To compensate for any nutritional deficits associated with using less fishmeal, scientists will also experiment with adding different mineral supplements to the protein mix. These “protein shakes” will be added to feeds at graded levels to progressively reduce fishmeal content.

Once appropriate protein sources, amino acid balances and mineral supplements are determined, scientists will conduct another round of experiments to optimize the feed’s protein to energy (calorie) content. They will then begin replacing fish oil with alternatives such as soy and canola oil and poultry fat.

The scientists hope to be able to cut fishmeal usage dramatically, and they point to the success in developing low-fishmeal Atlantic salmon diets as encouraging evidence of the project’s feasibility.  “Marine fish feed currently contains about 45 percent fishmeal,” Barrows says. “We hope to get it down to about 10 or 15 percent. I think it is doable without reducing growth rates.  That is what the experiments will show us.”

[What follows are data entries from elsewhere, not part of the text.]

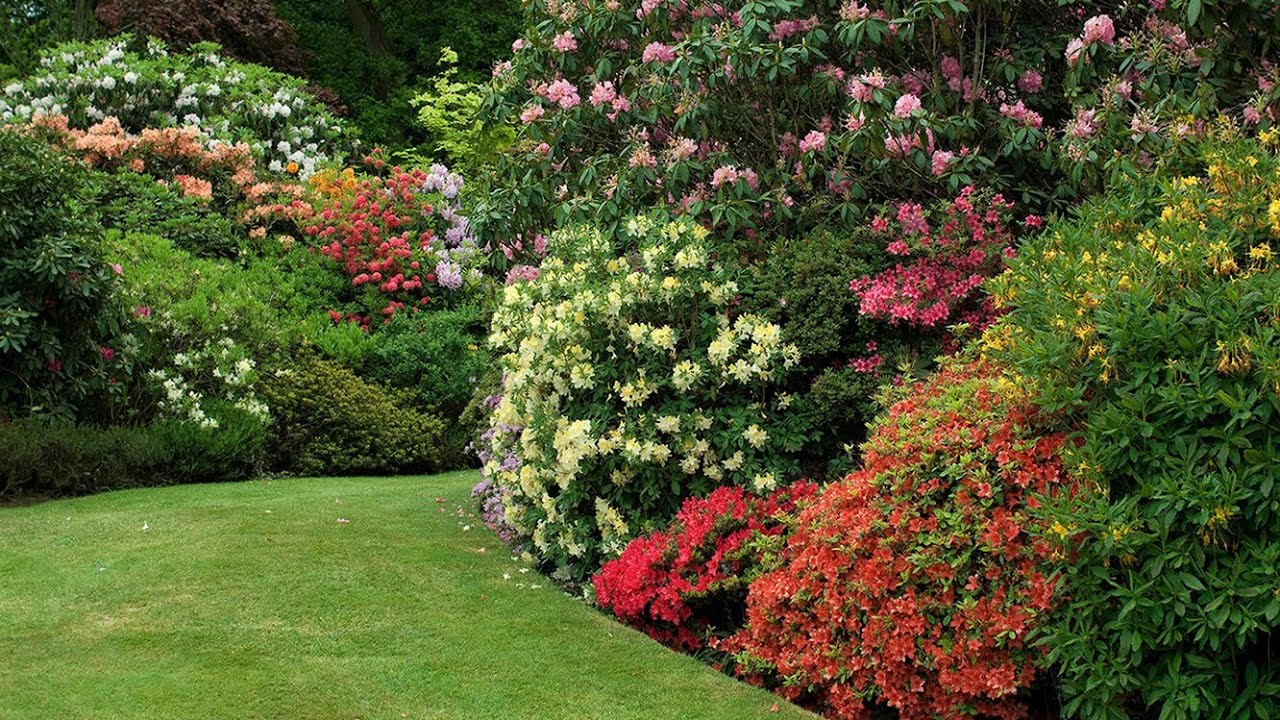 Замечательные идеи для садового творчества / The best ideas for garden creativity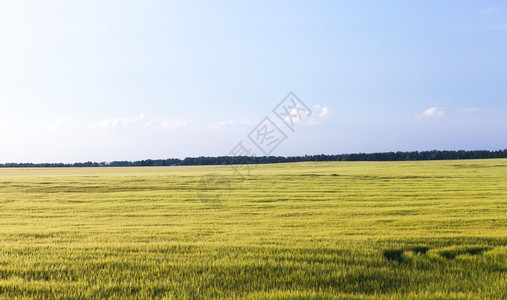 农场片面景观其地深为一小块蓝天本底绿色不熟的谷物中蓝天面积很小在野外种植绿色黑麦农业蓝的图片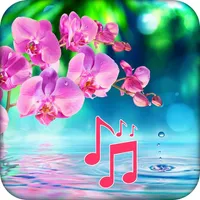 Stay Calm - Relaxing Melodies icon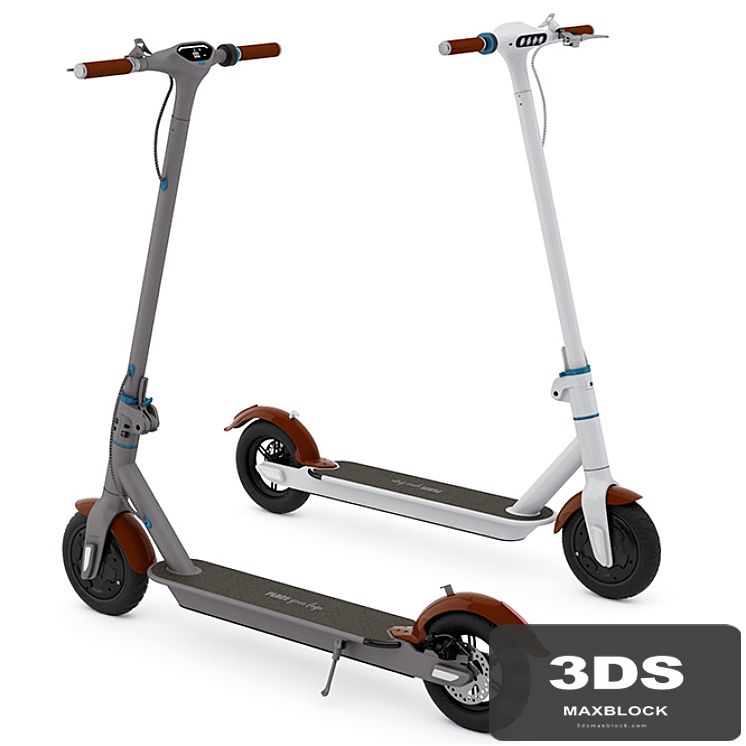 Electric Scooter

The fishmeal content of Atlantic salmon feed has been cut 75 to 80 percent, he says. But, marine fishes have different nutritional requirements than anadromous ones so there may be some added challenges. They just don’t know yet.

Neither yellowtail nor white seabass is commercially reared in California or Baja California, Mexico; however, both species are cultured regionally – white seabass in a commercial-sized hatchery in San Diego for stock enhancement and yellowtail in net pens in Baja California on an experimental basis.

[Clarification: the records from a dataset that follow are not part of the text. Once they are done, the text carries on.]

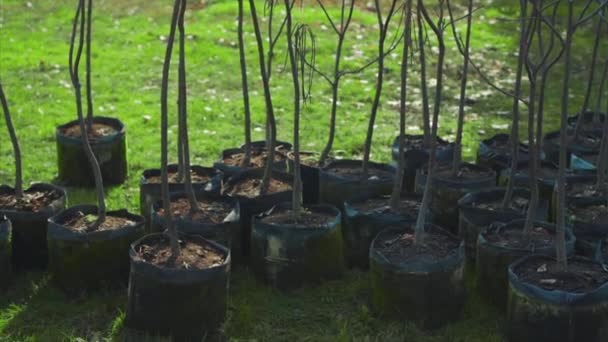 Conjunto de reflorestamento de troncos de árvores jovens em vasos — Vídeo de Stock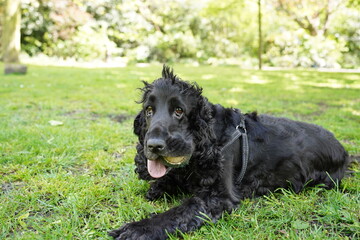 Fototapeta premium black dog on grass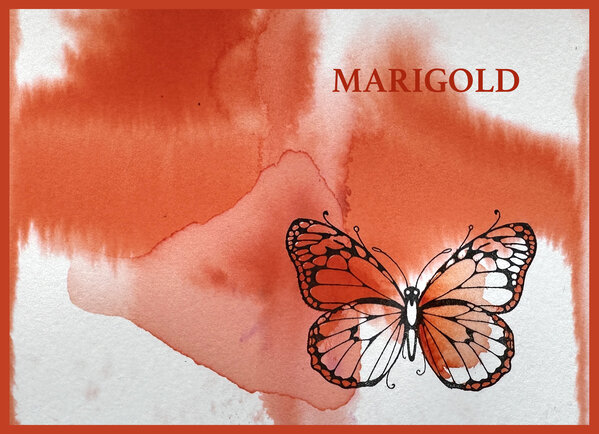 Pink Ink Designs Ink It Marigold 20ml (PIWINKMAR) (OUTLET) Pink Ink Designs Ink It Marigold 20ml (PIWINKMAR) (OUTLET)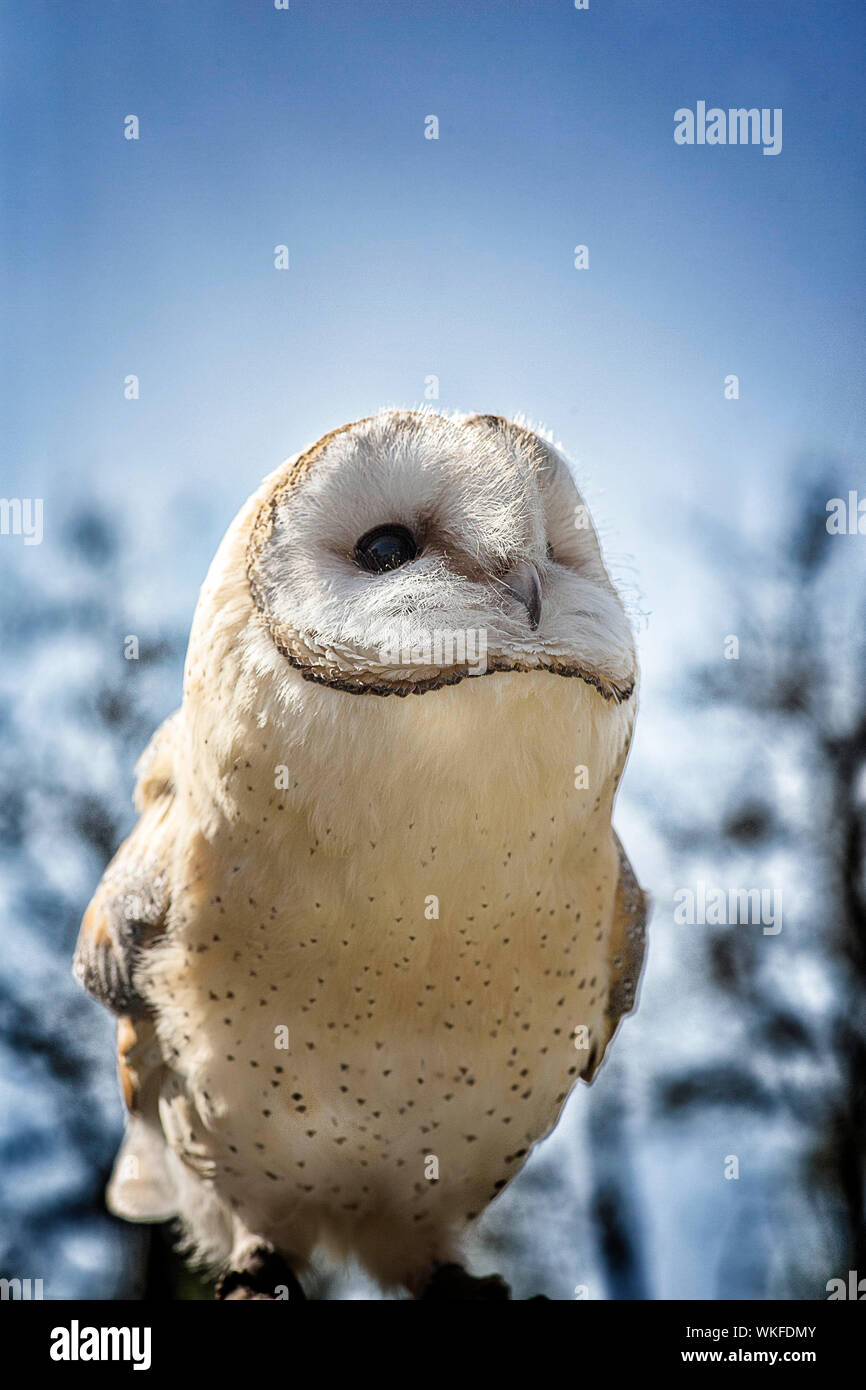 Close-up Of Barn Owl Against Sky Stock Photo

Mexico does, though, already fatten wild-caught bluefin tuna in open-ocean net pens for the lucrative sushi market. Grant recipient Mark Drawbridge, the director of aquaculture at the Hubbs-SeaWorld Research Institute in San Diego, believes that commercial yellowtail production is on the horizon.  “The tuna are getting harder to catch and they are smaller,” he says. “Mexico would like to diversify and either raise yellowtail side-by-side with the tuna or raise them instead of tuna.”

At issue is how to develop an industry that does not contribute to, or worsen, pressure on wild stocks. Jennifer Jacquet, a doctoral student at the University of British Columbia, Vancouver, who frequently gives talks on ocean sustainability issues, says that a third of the total fish biomass extracted from the world ocean annually is ground into fishmeal for poultry, hogs and farmed fish. To save the ocean from over harvesting, she and other environmentally minded scientists recommend, “eating like a pig.” That is they suggest people consume forage fishes such as sardines and anchovies directly, instead of eating the animals that have been raised on these species. The California legislature has also called for sustainable aquaculture practices, including minimizing the harvest of wild fishes for fishmeal due to concerns about marine ecosystem health.

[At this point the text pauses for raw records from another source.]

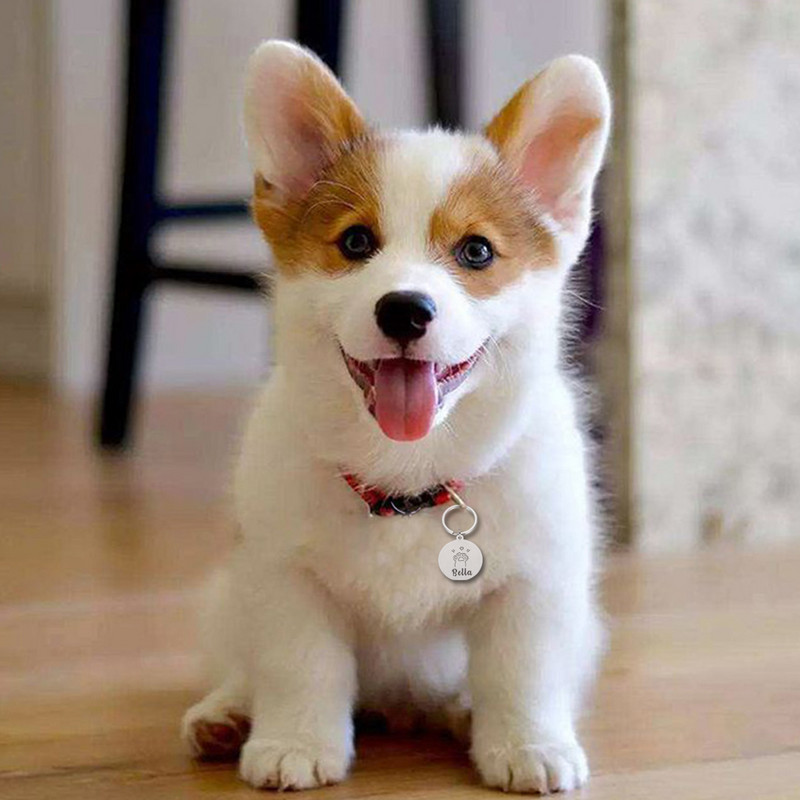 Koera ID nimesilt Isikupärastatud graveeritud silt Kutsikas kassipoeg Lemmikkass kaelarihma tarvikute tarvikud Kohandatud roostevabast terasest ID sildid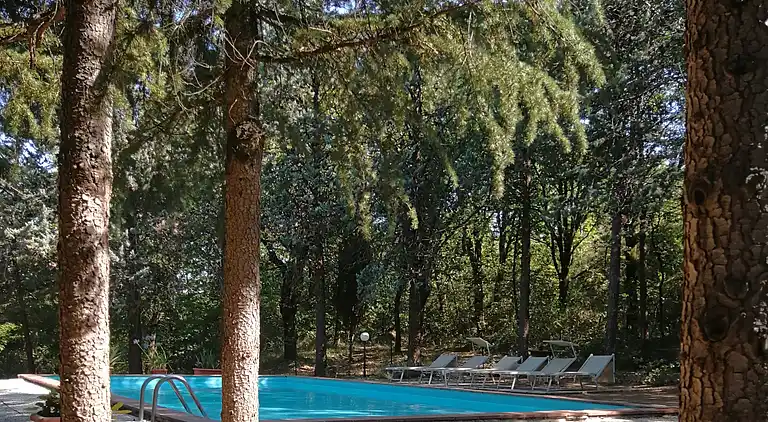 VILLA IN FARMHOUSE with pool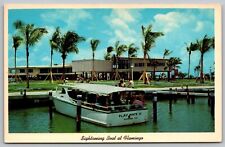 Everglades National Park Florida Flamingo Sightseeing Boat Chrome Postcard for sale  Shipping to South Africa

Global warming is yet another reason for re-evaluating the human diet of the developed world, as, by some estimates, meat production now accounts for 20 percent of the planet’s greenhouse gas emissions.
“We think there will probably be multiple protein combinations that will be suitable for replacing fishmeal in yellowtail and white seabass diets,” Drawbridge says. “These will give farmers and feed producers flexibility to customize diets cost effectively.”

“We’ve been able to reduce fishmeal content in yellowtail by 50 percent just by substituting fishmeal with soybean meal,” Drawbridge says. The project was funded by the U.S. soybean industry.

“The problem is that soy, depending on the product used, can be expensive,” he says. A major goal of the project is to utilize waste products of poultry and seafood processing to keep feed costs low.

“People like to say that aquaculture is not sustainable because it takes fish to raise fish,” Barrow says. “But fish don’t require fish, they require nutrients. That is what this project will show.”